We have generated mice with a deficiency in T1/ST2 expression to clarify the roles of T1/ST2 in T helper cell type 2 (Th2) responses. Using immunological challenges normally characterized by a Th2-like response, we have compared the responses of T1/ST2-deficient mice with those generated by wild-type mice. Using a primary pulmonary granuloma model, induced with Schistosoma mansoni eggs, we demonstrate that granuloma formation, characterized by eosinophil infiltration, is abrogated in T1/ST2-deficient mice. Furthermore, we clearly demonstrate that in the absence of T1/ST2 expression, the levels of Th2 cytokine production are severely impaired after immunization. Thus, in a secondary pulmonary granuloma model, draining lymph node cells from the T1/ST2-deficient animals produced significantly reduced levels of IL-4 and IL-5, despite developing granulomas of a magnitude similar to those of wild-type mice and comparable antigen-specific immunoglobulin isotype production. These data clearly demonstrate that T1/ST2 expression plays a role in the development of Th2-like cytokine responses and indicate that effector functions are inhibited in its absence.
Introduction
Although Th2 cells (characterized by their expression of cytokines such as IL-4, IL-5, IL-6, IL-9, IL-10, and IL-13) mediate beneficial responses to infection with parasitic gastrointestinal nematodes 1,2, they have been shown to be detrimental in the development of asthma and allergy 3,4. These effects are due to Th2 cells initiating responses including increased production of IgE and eosinophilia 5,6. Recently, the IL-1 receptor–related molecule T1/ST2 has been reported to distinguish a subset of CD4+ T helper cells of the Th2 subtype, characterized by their elevated expression of the cytokines IL-4, IL-5, and IL-13 7,8,9. However, the T1/ST2 receptor is also expressed on mast cells 10,11 and was described originally as a serum-induced gene in fibroblasts 12,13,14,15. Alternative transcriptional regulation results in the production of soluble and transmembrane forms of the T1/ST2 protein due to the use of different polyadenylation signals 16,17. The mRNA encoding the soluble form is induced upon stimulation of fibroblasts 12,13,14,15, whereas mRNA encoding the membrane-anchored form is expressed in the hematopoietic tissues and lung 16,18. The T1/ST2 gene is tightly linked to the genes encoding the type I and type II IL-1 receptor on mouse chromosome 1 19 and human chromosome 2 20,21. The biological function of the T1/ST2 receptor remains unclear, but its homology with Toll receptors and other IL-1 family members 22 suggests that it may play a central role in innate and adaptive immune responses.

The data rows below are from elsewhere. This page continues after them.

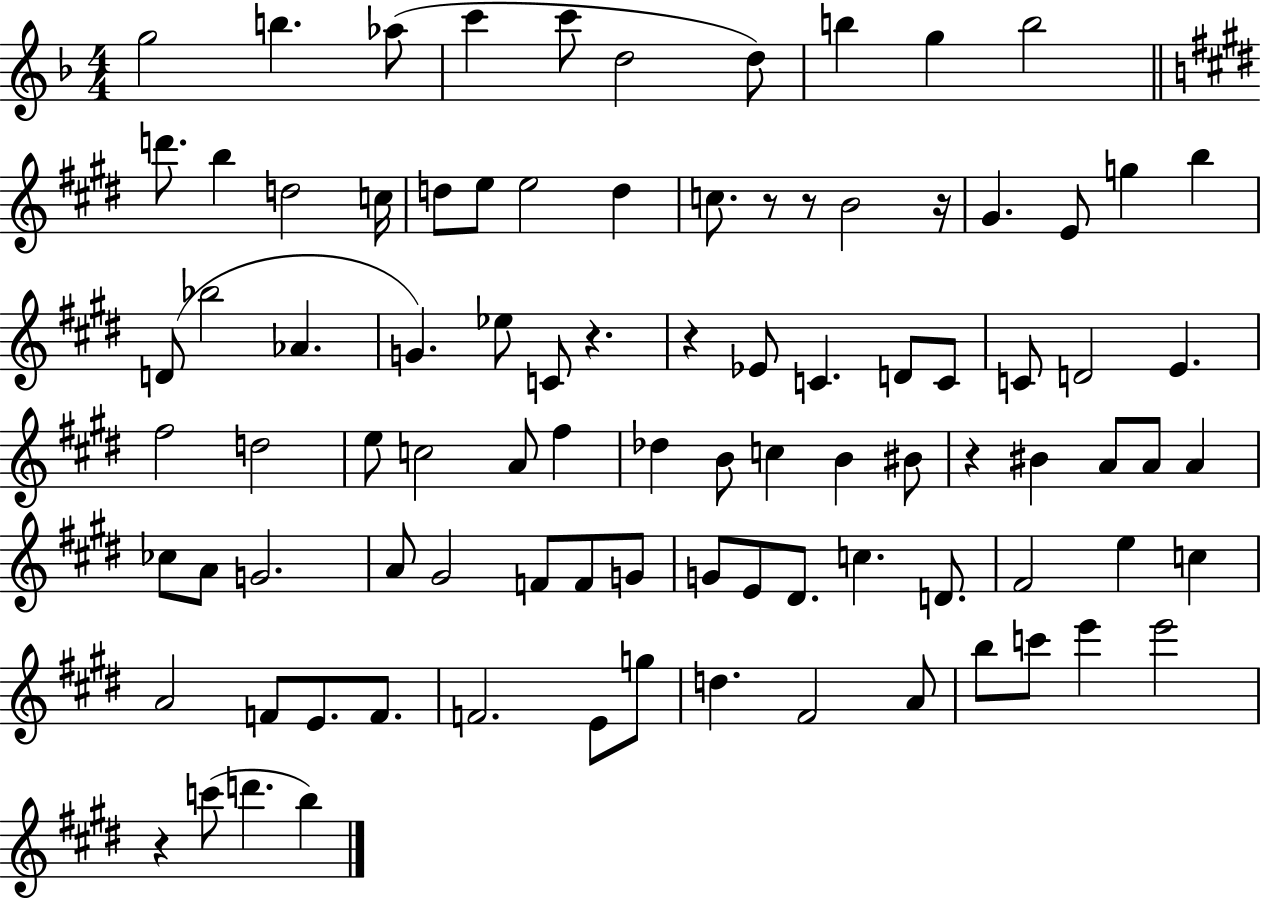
X:1
T:Untitled
M:4/4
L:1/4
K:F
g2 b _a/2 c' c'/2 d2 d/2 b g b2 d'/2 b d2 c/4 d/2 e/2 e2 d c/2 z/2 z/2 B2 z/4 ^G E/2 g b D/2 _b2 _A G _e/2 C/2 z z _E/2 C D/2 C/2 C/2 D2 E ^f2 d2 e/2 c2 A/2 ^f _d B/2 c B ^B/2 z ^B A/2 A/2 A _c/2 A/2 G2 A/2 ^G2 F/2 F/2 G/2 G/2 E/2 ^D/2 c D/2 ^F2 e c A2 F/2 E/2 F/2 F2 E/2 g/2 d ^F2 A/2 b/2 c'/2 e' e'2 z c'/2 d' b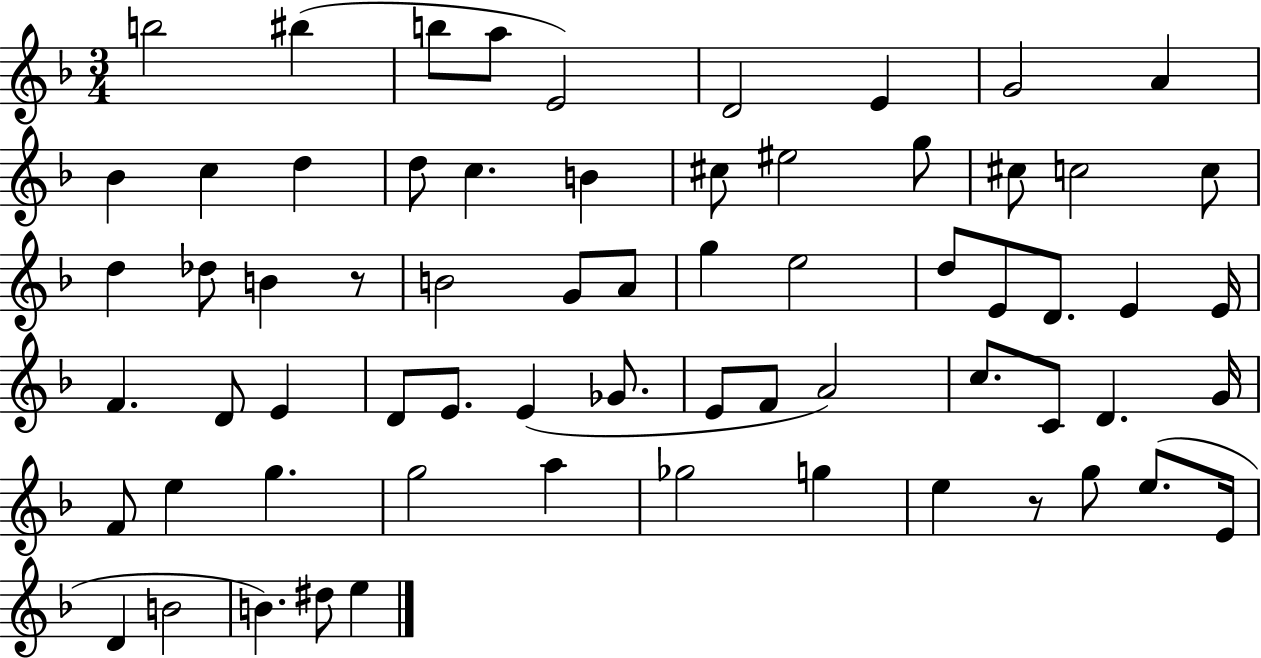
{
  \clef treble
  \numericTimeSignature
  \time 3/4
  \key f \major
  \repeat volta 2 { b''2 bis''4( | b''8 a''8 e'2) | d'2 e'4 | g'2 a'4 | \break bes'4 c''4 d''4 | d''8 c''4. b'4 | cis''8 eis''2 g''8 | cis''8 c''2 c''8 | \break d''4 des''8 b'4 r8 | b'2 g'8 a'8 | g''4 e''2 | d''8 e'8 d'8. e'4 e'16 | \break f'4. d'8 e'4 | d'8 e'8. e'4( ges'8. | e'8 f'8 a'2) | c''8. c'8 d'4. g'16 | \break f'8 e''4 g''4. | g''2 a''4 | ges''2 g''4 | e''4 r8 g''8 e''8.( e'16 | \break d'4 b'2 | b'4.) dis''8 e''4 | } \bar "|."
}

Indeed, recent studies have suggested that administration of a neutralizing antibody against T1/ST2 or a T1/ST2–Ig fusion protein is capable of partially inhibiting Th2 cell differentiation and the development of Th2 effector functions in vivo, including allergic airway inflammation 7,8,23. However, a further study using a line of T1/ST2-deficient animals has suggested that T1/ST2 is not necessary for Th2 cell differentiation or effector function 24. Using parasitic infection with the helminth Nippostrongylus braziliensis, these investigators failed to show differences in IL-4 production from polyclonally activated splenocytes or changes in total serum IgE or IgG1 24. Similarly, they also found that total serum IgE and IgG1 and immune cell phenotypes were normal in a model of airway inflammation 24. Thus, there appears to be a contradiction between the results obtained using T1/ST2 blocking reagents and those generated using T1/ST2-deficient animals.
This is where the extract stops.